### MATERIALS PROVIDED
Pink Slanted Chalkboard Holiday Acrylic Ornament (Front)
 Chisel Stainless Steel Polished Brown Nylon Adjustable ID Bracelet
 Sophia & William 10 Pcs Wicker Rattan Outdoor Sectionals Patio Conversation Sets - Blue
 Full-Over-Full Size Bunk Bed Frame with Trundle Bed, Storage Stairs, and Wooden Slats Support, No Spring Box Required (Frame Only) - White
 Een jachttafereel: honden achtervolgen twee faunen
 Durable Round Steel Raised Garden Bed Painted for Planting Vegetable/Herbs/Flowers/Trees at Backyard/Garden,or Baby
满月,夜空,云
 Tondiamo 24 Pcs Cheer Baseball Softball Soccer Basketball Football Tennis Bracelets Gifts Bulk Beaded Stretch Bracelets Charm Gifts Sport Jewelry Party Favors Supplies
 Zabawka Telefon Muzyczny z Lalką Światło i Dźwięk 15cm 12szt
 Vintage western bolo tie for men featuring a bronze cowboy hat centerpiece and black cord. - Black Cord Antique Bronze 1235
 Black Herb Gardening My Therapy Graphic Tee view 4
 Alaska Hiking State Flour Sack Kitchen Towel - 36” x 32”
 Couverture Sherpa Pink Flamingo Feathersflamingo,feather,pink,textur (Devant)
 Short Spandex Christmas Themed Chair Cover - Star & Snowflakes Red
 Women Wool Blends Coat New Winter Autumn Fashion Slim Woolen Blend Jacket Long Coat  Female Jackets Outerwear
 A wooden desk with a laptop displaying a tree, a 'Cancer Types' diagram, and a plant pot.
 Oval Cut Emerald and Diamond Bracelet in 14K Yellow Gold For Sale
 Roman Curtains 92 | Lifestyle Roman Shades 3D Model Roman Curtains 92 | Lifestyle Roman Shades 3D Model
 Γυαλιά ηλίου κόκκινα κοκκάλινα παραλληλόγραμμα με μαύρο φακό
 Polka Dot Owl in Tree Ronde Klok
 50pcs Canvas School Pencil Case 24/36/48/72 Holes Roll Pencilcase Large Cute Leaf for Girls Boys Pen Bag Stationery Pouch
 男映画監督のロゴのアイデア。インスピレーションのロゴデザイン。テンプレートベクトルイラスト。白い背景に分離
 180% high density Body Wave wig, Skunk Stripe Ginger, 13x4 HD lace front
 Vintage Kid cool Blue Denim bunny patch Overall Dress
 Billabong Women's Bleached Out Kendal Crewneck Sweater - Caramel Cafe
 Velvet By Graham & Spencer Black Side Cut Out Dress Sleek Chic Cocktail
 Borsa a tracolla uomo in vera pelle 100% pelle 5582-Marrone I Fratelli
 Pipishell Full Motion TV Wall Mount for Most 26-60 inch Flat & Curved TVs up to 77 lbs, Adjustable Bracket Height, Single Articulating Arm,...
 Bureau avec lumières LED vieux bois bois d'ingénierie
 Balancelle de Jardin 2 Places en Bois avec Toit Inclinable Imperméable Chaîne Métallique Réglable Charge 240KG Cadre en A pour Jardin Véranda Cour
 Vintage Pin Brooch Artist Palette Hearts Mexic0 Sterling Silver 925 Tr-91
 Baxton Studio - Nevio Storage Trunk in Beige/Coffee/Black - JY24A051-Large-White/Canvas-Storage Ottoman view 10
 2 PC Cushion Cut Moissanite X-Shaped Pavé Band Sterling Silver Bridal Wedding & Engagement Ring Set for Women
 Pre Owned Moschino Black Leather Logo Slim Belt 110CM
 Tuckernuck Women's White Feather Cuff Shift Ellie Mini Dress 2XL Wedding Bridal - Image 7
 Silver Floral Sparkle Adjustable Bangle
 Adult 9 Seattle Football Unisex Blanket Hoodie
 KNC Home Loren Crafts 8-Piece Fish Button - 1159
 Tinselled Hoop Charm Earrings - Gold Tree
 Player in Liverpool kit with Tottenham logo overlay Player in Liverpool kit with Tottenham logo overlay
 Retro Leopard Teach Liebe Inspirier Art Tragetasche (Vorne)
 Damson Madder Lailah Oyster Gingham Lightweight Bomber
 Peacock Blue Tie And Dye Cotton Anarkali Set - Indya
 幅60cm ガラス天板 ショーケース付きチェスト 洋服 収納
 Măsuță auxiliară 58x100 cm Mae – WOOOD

### TASK DETAILS
Leave out every line ahead of the one containing "Peacock Blue Tie" and print the rest of the listing exactly.

### SOLUTION TO THE PROBLEM
 Peacock Blue Tie And Dye Cotton Anarkali Set - Indya
 幅60cm ガラス天板 ショーケース付きチェスト 洋服 収納
 Măsuță auxiliară 58x100 cm Mae – WOOOD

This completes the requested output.